Failure of system - inflexible searching
- Usually looking for author that they already know - learn about new authors through colleagues
or through authors they already read - and are cited.
- Use teaching/research assistants to find and print stuff about new terms, ideas, and authors.
(Then they print articles, read them, and throw them away - assuming that something that is
available will always be available from the library.)

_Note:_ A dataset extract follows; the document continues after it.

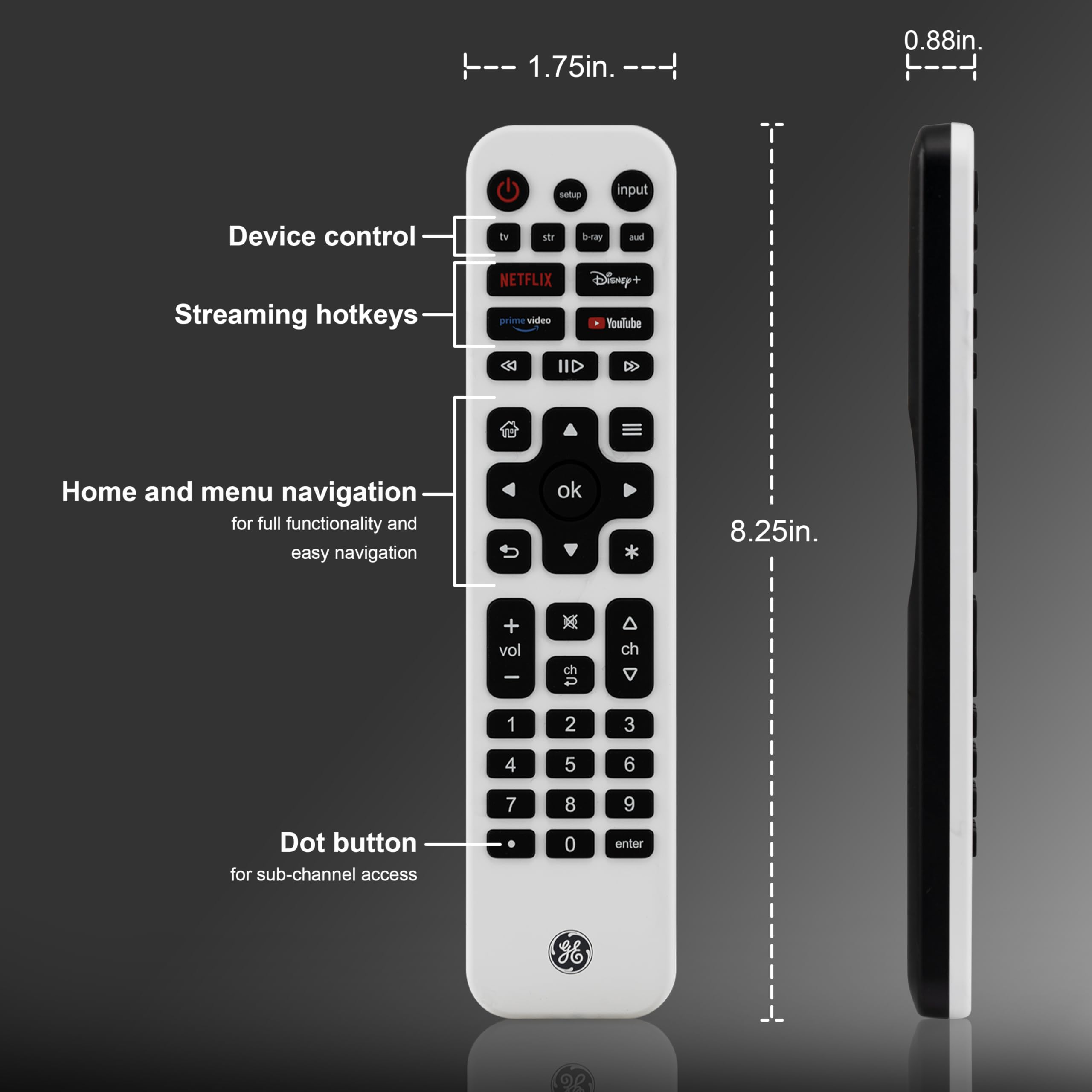 GE Rechargeable tv Remote and Control, Universal Remote for Samsung, Apple, Sony, Roku, LG Smart TVs, 4-Device, 80984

Let's move beyond anecdotal research! That type of observation tends to
reinforce our own biases.
3. Unit Report on Student Learning Assessment
A draft of the unit plan for assessing and improving student learning was
handed out to the committee by Lisa. (N.B. It was an incomplete draft - not complete.) Not all
examples that were submitted will be used. Committee members made some suggestions for revisions
and additions.The format of the document is problematic so it has been adapted to work for library
use.We brainstormed this question: What future plans do we have for developing assessment over the
- Susan is being nominated to take part in Institute for Information Literacy Assessment Program
(Immersion) in December.
- We could hold workshops for librarians on conducting and using assessment tools. Develop best
practices, start small, and show library faculty that they're already doing assessment and help
them use the results.
- Purchase clickers - for in-class use - to assess student learning on-site.
- Understand what faculty are doing and what expectations are for students.
- Outreach to our faculty - attend faculty meetings.
4. Working Group Update -- LibGuides
- LibGuides gave us a 6-month subscription for a separate site specifically for staff straining.
Beth Woodard and Sarah Thompson are working on that project this summer and starting with an
overview of staff training and human resource issues.
- Materials (like customer service, dealing with problem patrons, etc.) could be available there
-- not just on G drive.
- Book lists will be made available on LibGuides -- management/staff training books.
- Merinda is planning some training workshops on how to use LibGuides and create subject guides
in LibGuides that are not just a bibliography of sources, but that engage the user.
- Merinda is also looking into getting phantom links in LibGuides to all of the subject guides
that currently exist on the library server. This will provide a way to manage access to all subject
- Modern Languages and Linguistics, Education and Social Science, and Business and Economics
libraries are in the process of converting subject guides to LibGuides.